As palavras do nosso
amigo, entre outras coisas, nos fizeram refletir também sobre a recente
adequação ou revisão ortográfica da língua portuguesa. Em Portugal a resistência
à alteração na gramática é assaz acentuada. Tem gente chiando barbaridade, como
uma portuguesa que, em um site, sobre a reforma, postou o seguinte: “Mais uma
vez Portugal rebaixa-se, porque razão é que temos que ser nós a mudar e não os
brasileiros, eles é que não tiveram inteligência suficiente para aprender a
língua correctamente, e agora por causa disso somos nós que temos que aprender
nossa língua novamente? Como é que vamos pôr nas cabecinhas das nossas crianças
que a maneira como aprenderam a escrever agora já não é a correcta. Quanto a
mim vou continuar a escrever como sempre escrevi, sou portuguesa não sou
brasileira”. Ela chega a nos chamar de 'burros brasileiros'. Mas, como toda
moeda tem dois lados, perguntamos: será que ela não tem lá suas razões? O seu
sagrado direito de, no mínimo, espernear? Portugal errou quando fez sua
primeira grande reforma há um século e – como era de se esperar – não consultou
o Brasil, aumentando, com isto, a distância lingüística entre o dois países. O
certo é que o Brasil tem quase duzentos milhões de habitantes e Portugal apenas
dez. Ou este se adéqua a mudança ou “não sabemos” o que lhe poderá acontecer. A
adequação é questão de sobrevivência para o país do Velho Mundo, que, mesmo com
a irrelevante e frágil economia, nunca perdeu o hábito de querer ser
colonizador.
Mas não percamos o foco… Até meados do século XVIII vigorava no Brasil o escambo, vez que, pela escassez de cédulas e de moedas de metal, a moeda corrente era o pano ou rolo de algodão. O famoso escritor Laurentino Gomes, repetindo as palavras de um viajante francês, disse: “Antes da chegada da Corte ao Rio de Janeiro, o Brasil era um amontoado de regiões com pouco contato, isoladas umas das outras, sem comércio ou qualquer outra forma de relacionamento”. E a língua mais falada até aquela época era o tupi-guarani. Isso mesmo, a língua indígena foi a língua mais falada no Brasil até a metade daquele século. Nessa época a população branca era consideravelmente pequena. Em 1600, por exemplo, era de apenas 30.000 e em 1766 a população livre girava em torno de 800.000 (Cronologia de história do Brasil Colonial – 1500 – 1831 / Andrea Slemian… et al. São Paulo; FFLCH-USP. 1994). Em 1756 o Marquês de Pombal proibiu a utilização de qualquer outra língua, inclusive a língua geral, de base tupi.
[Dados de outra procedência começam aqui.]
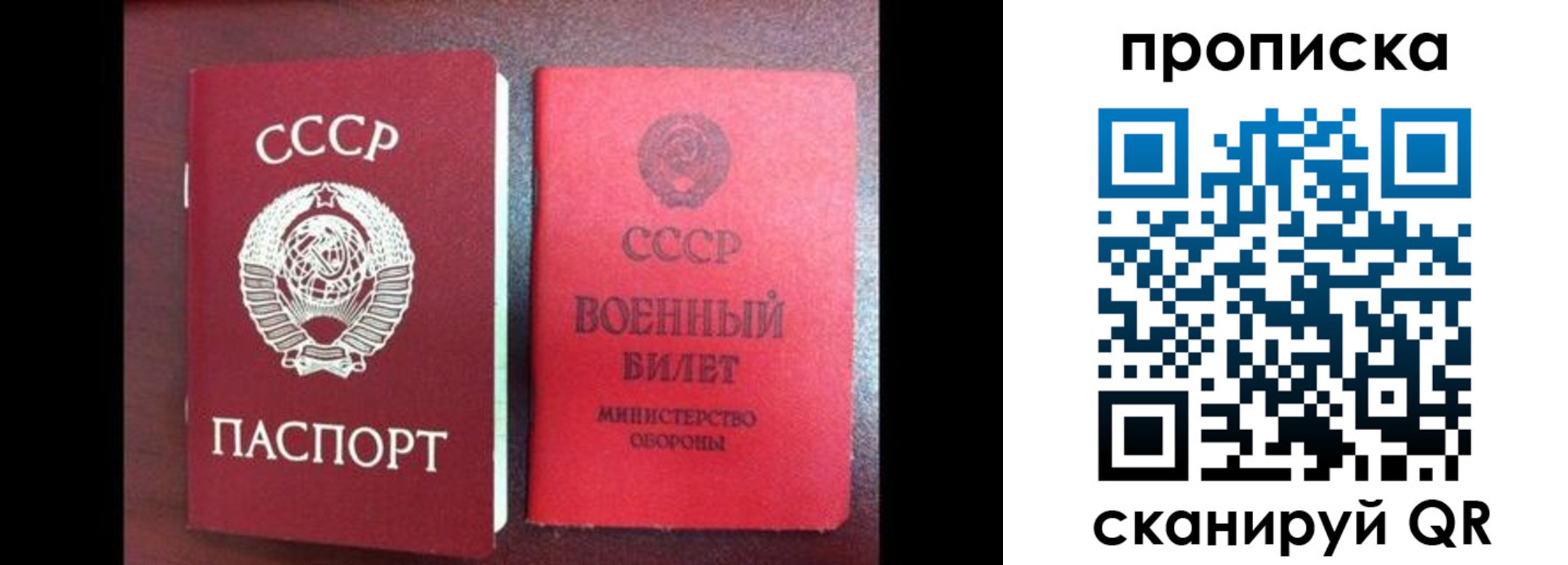 временная регистрация поиск в Алтае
Os africanos foram escravizados e os indígenas dizimados, o mesmo, felizmente, não conseguiram fazer totalmente com a língua destes povos que, incorporada ao idioma oficial do país, atravessou séculos e permanece viva através dos milhares de termos que usamos no dia a dia.O legado da cultura
negra é bastante presente no Brasil, percebemos isto na religião, na comida,
música, no modo de ver a vida, nos mitos e lendas, e também na própria língua.
Para cá vieram negros de quase toda a África, sendo o destaque por conta de
dois grandes grupos: o guineano-sudanês e o banto – que habitava o litoral
africano. Provenientes em sua maioria do Benin, Angola, Nigéria e Congo,
falavam diversas línguas e dialetos como o quimbundo, quicongo e o umbundo, dos
quais herdamos inúmeros termos, sendo: vatapá, quitute, farofa, acarajé,
canjica, mandinga, oxalá, iemanjá, ogum, senzala, Bangu, quilombo, miçanga,
tanga, samba, berimbau, maxixe, maribondo, camundongo, mangangá, mutamba,
dendê, quiabo, moleque, bagunça, cachimbo, coringa, dengo, quitanda, fubá,
bunda, calombo, banguela, e incontáveis outros. Algumas se misturaram com o
português: pé-de-moleque, angu-de-caroço, mini-tanga, molecagem, etc. Um
maiúsculo legado para nossa língua que não cabe em um simples texto, mas em um
volumoso dicionário.
Do tupi-guarani são
milhares as palavras herdadas dos primeiros habitantes do Brasil. “Do Oiapoque
ao Chuí!” a língua inicial tira de letra. São nomes de lugares – a maioria dos
nomes dos estados brasileiros são de origem indígena –, acidentes geográficos,
nomes de pessoas, etc. A culinária brasileira típica é profundamente indígena.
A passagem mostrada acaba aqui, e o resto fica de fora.